China’s Theatrical Revolution and the Most Consequential Scandal in Theatre History

Date

Tuesday January 9, 2024
11:30 am - 12:30 pm

In 1961, a play by the historian Wu Han, about an episode in the life of Hai Rui, an official who lived in the sixteenth century Ming Dynasty, was produced in Beijing. The play was said to be a thinly disguised attack on Chairman Mao Zedong. The furor ignited by these rumours led not only to the closure of the production and the punishment of the author and leading actor, but to a full decade of terror causing the deaths of an estimated 20 million people and the ruination of many millions of other lives, events from which China has yet to recover. That has been the most widely accepted account of the matter in both China and the West for over fifty years. This is rightly regarded as the most infamous episode in theatre history and is plainly not redeemed by the way it also led to the creation of a new theatrical genre. But is it possible that the initial accusations against Wu Han’s play had been entirely concocted for malicious reasons? An apt story for our own age of conspiracy theories and mob retribution.

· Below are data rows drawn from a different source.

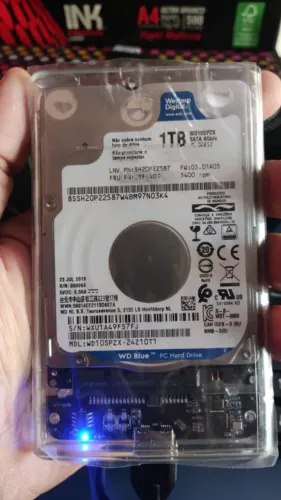 Hd externo WD 1 TB usb 3.0 ghz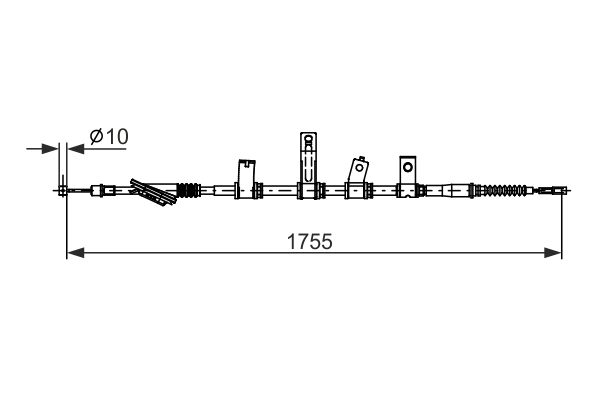 Cable Pull, parking brake 1 987 482 693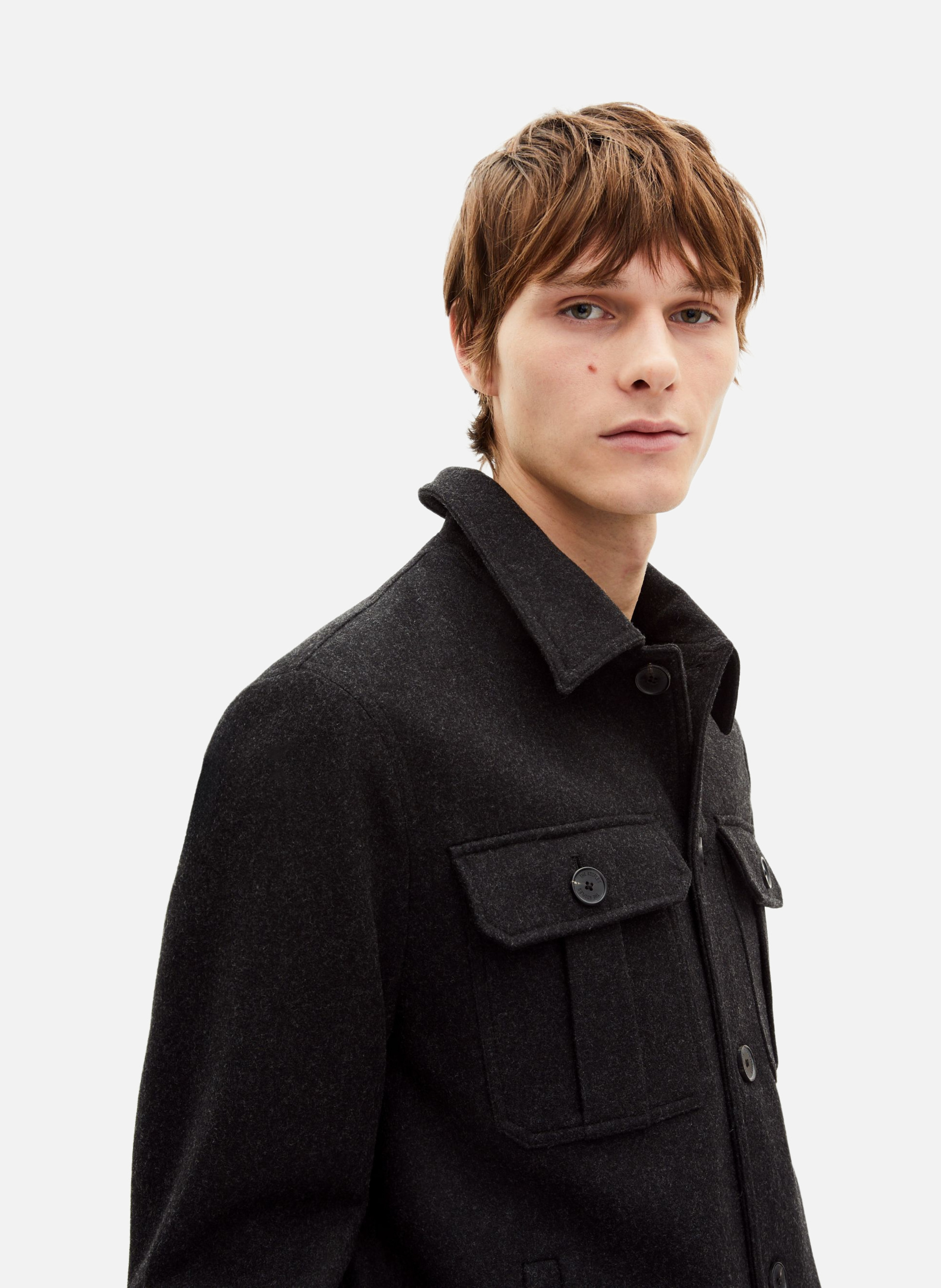 Low-cut loose-fit dress THE KOOPLES Grey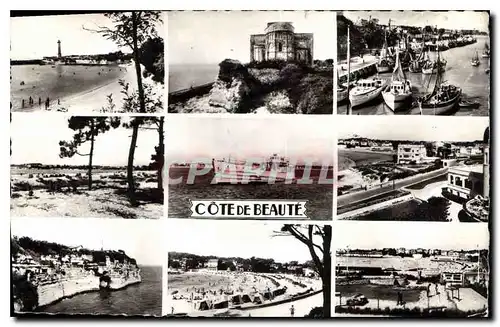 Cartes postales moderne Cote de Beaute St Georges de Didonne Talmont Royan le Port l'Eglise Le Bac Pontaillac la Plage M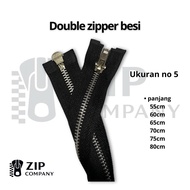 (12 pcs) 2 Head Zipper Double Zipper/ 2way Jacket Zipper/ Two Head Auto Lock Length 55 - 80cm NO. 5 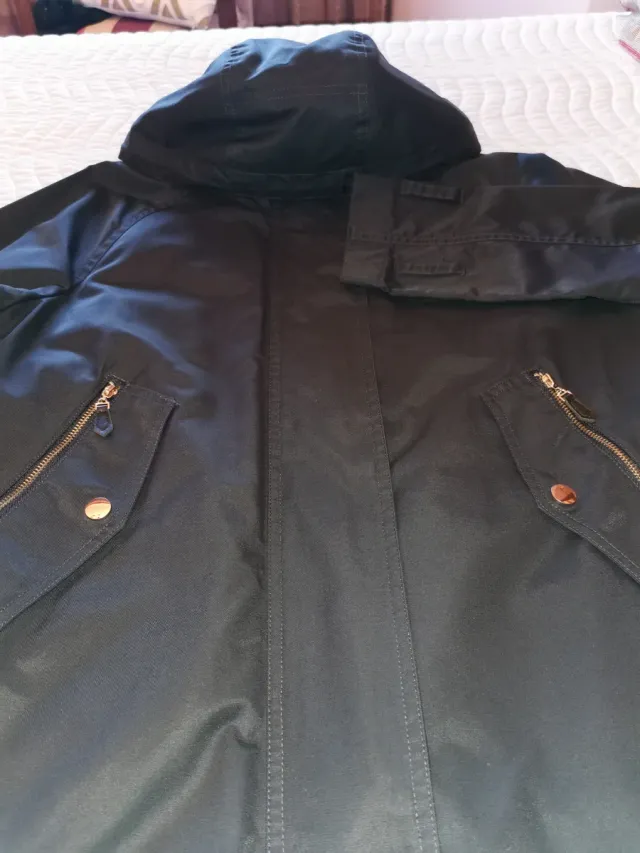 Parka Mango Negra Talla S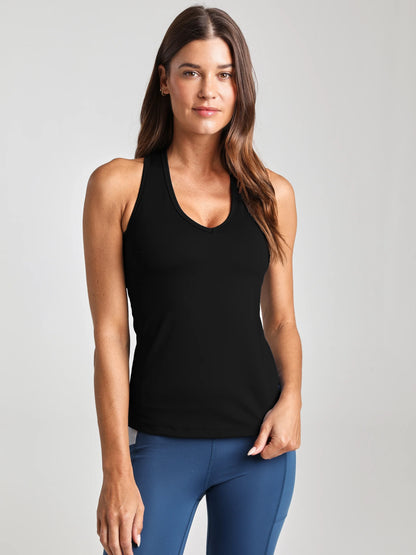 Keep You Cool Tank - Black | Losano | Evolve Fit Wear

Craig Walker is Professor of Drama and was the inaugural Director of the DAN School of Drama and Music until 2022.  He holds an M.A. in English and a Ph.D. in Drama from the University of Toronto and is a Fellow of the Royal Society of Canada.  His academic publications include The Buried Astrolabe: Canadian Dramatic Imagination and Western Tradition, The Broadview Anthology of Drama and the Broadview Press edition of Shakespeare’s King Lear. He has also worked extensively in the Canadian theatre as a director and actor.  His writing for the stage includes These Deeds, Chantecler: A Musical, Finnegans Wake: A Dream Play, based on the novel by James Joyce, and, in collaboration with composer John Burge, One Last Night with Mata Hari.